To eat a rack of ribs I need to be naked in my bed. I can be in my underwear—it’s not like I’m going to get sexual with the ribs—I just need to be unencumbered by clothing and to be in a bed. I will play a Ribfest, where all day I’m smelling it, will demand a rack of ribs I’ve been drooling over, eat half a rib, and I’m done.
So I gotta get the ribs back
to my hotel, get in my underwear, and turn on the TV. Then I’ll pass out from all that fat and sugar and then wake up forty-five minutes later and say, “Oh look, ribs.” So I’ll start eating the ribs again and pass out. This goes on for hours. I’m like a lion at a kill, because then a slab of ribs becomes an all-day thing. In the nineties that would have been a footnote in an all-day meal that involved many, many other foods. And really, if I eat a rack of ribs, I’m done for the day if I can get through a whole rack. I don’t do that every day or, literally, I’ll never be able to leave my room.
What is weird is that after the gastric bypass, I have had so many really obese people come up to me and say, “I wasn’t going to do it until I saw that you did it.” And then I did feel a certain responsibility as a human being to at least talk about it and share my experience with it as others had done for me.
There was a guy in his fifties; he was 450 pounds and said, “I’ve come into this waiting room twenty times, and I always chicken out and leave.” I talked him into staying and at least discussing bypass with a doctor. And I know what the fear is, that you think it won’t work, that you’ve always held out hope—“I can always get a gastric bypass”—and then you discover you’re not a candidate or it won’t work and you realize you’re doomed.
But the cool part is that it does work. Weight loss is still manageable, and gastric bypass is available. And I know if someone hears that and they’re 700 pounds, they’ll say, “Bullshit. I’m way too far gone.” And yes, 700 pounds is way the fuck down the road, but you can still climb out of that. Seven hundred pounds takes twice as long as what I did. I went from 436 to 238 in ten months, and believe me, I was throwing up. (I gained about 45 back over the next three years, and whatever you gain back over after those three years stays that way.)

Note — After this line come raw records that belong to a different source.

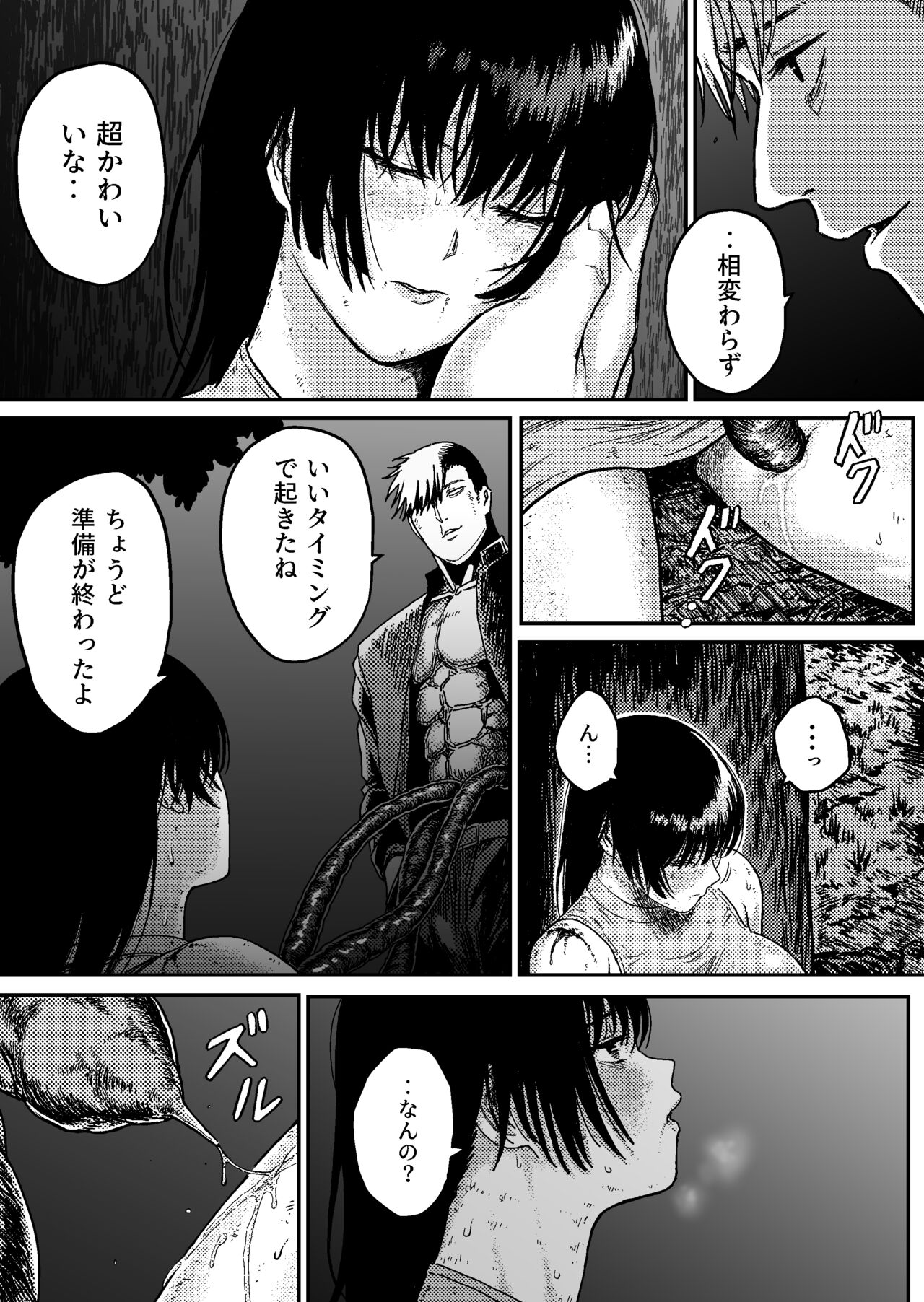 M3:DOMINATE Nikutai to Kokoro o Shihai sareta Heroine no Matsuro page 11 full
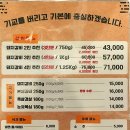 칠성갈비 본점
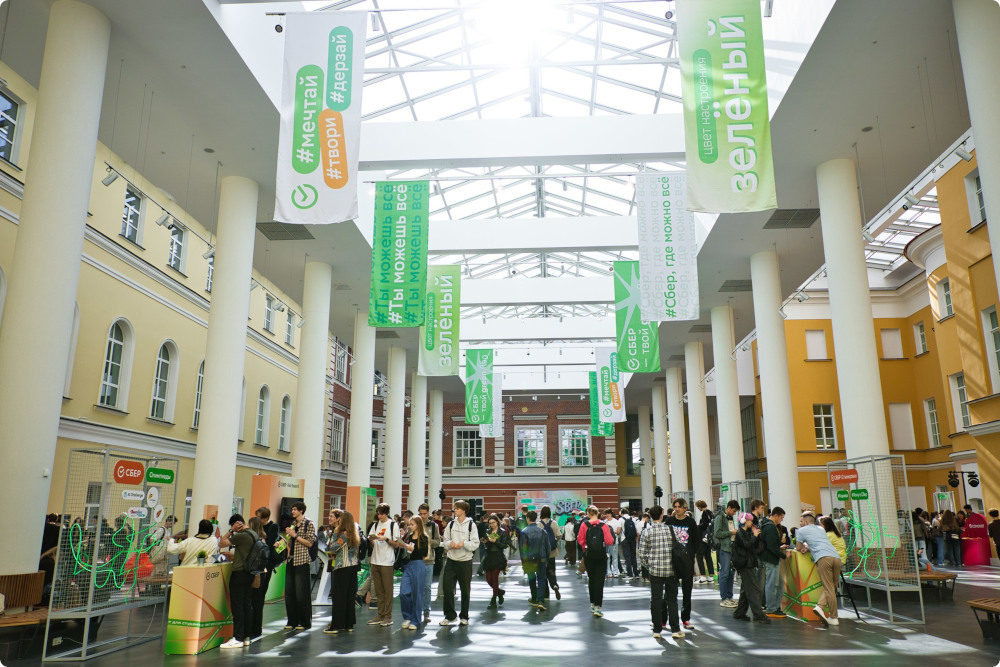 Sber Opens Educational Space at HSE University Illustration for news: Sber Opens Educational Space at HSE University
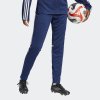 Dámské tepláky adidas SQ25 TR PNT W - foto 4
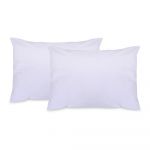 Husă de protecție pentru pernă 50x70 cm – Mijolnir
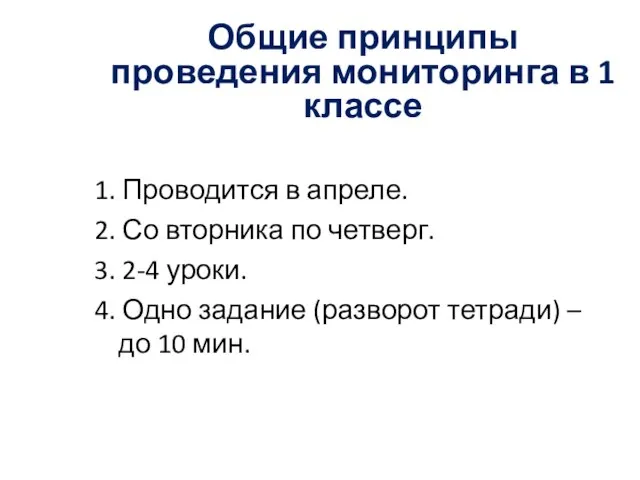 Общие принципы проведения мониторинга в 1 классе 1. Проводится в апреле. 2.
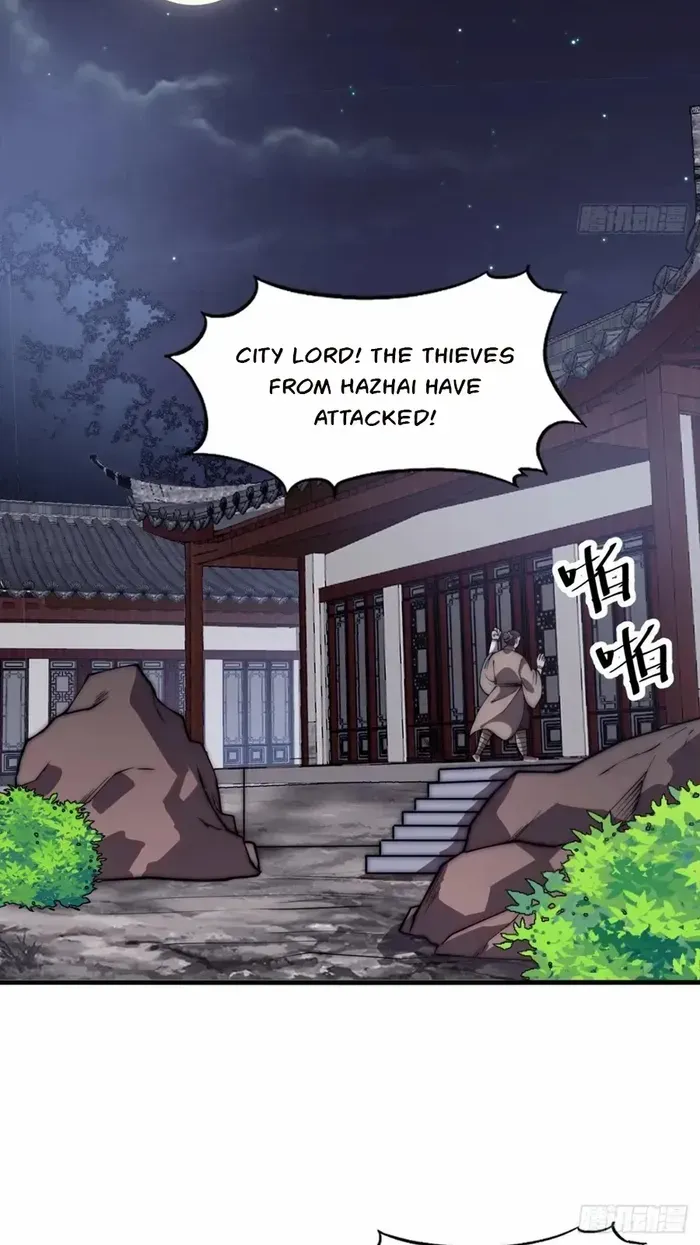 Chapter 625 — page 30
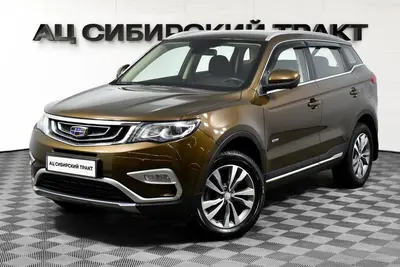 Geely Atlas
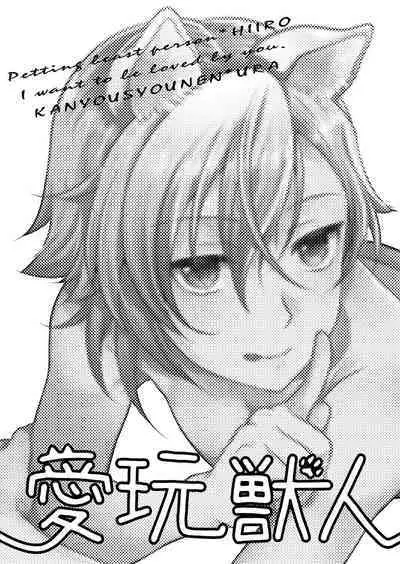 Konomi no Nora Aigan Juujin ni Odosaretemasu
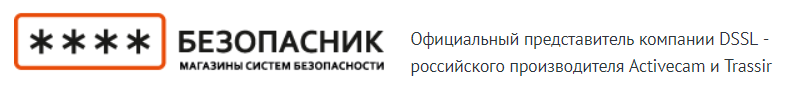 Безопасник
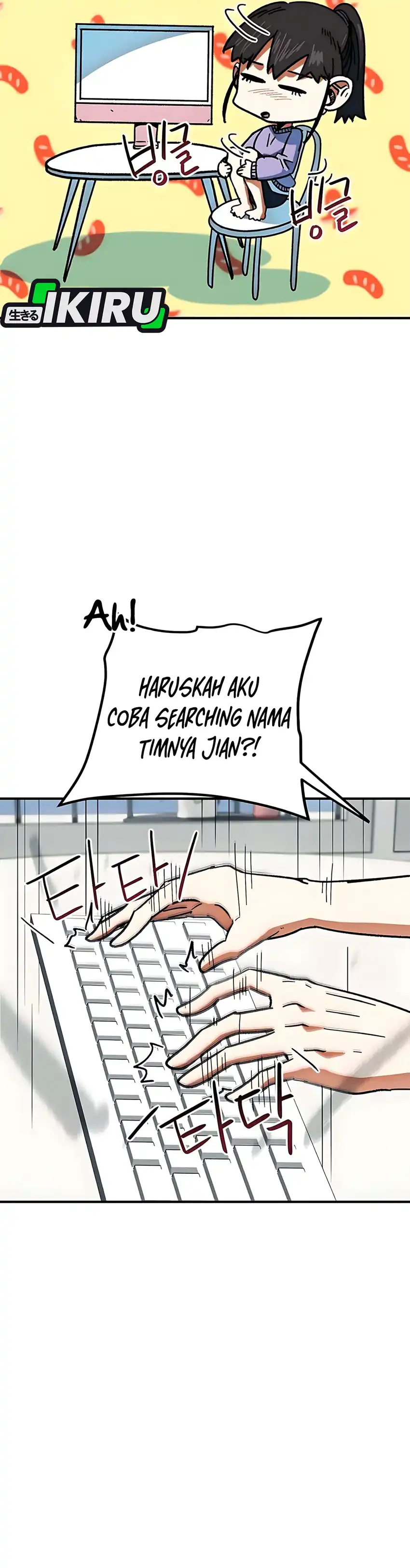 Halaman 7 dari I'm Not a Soccer Genius! Chapter 50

It was at this time that I got my one and only tattoo to remind myself to go out and not be a shut-in because that felt like normal behavior to me. That was my comfortable instinct, but I realized that what I needed to do was go out and meet people, hang out with them, and do what was uncomfortable. It was the beginning of a new sociability for me. So I put “I Want To Be Brave” on my chest backward so when I get up in the morning to take a leak I’ll look in the mirror, see that mantra, and say, “Oh yeah, that’s right.” And as long as I remember to do that, my day works out. You have to do the thing you’re not used to and leave your comfort zone. And if I remember that I want to be brave, I’m going to try things that don’t feel comfortable right away but eventually they become comfortable.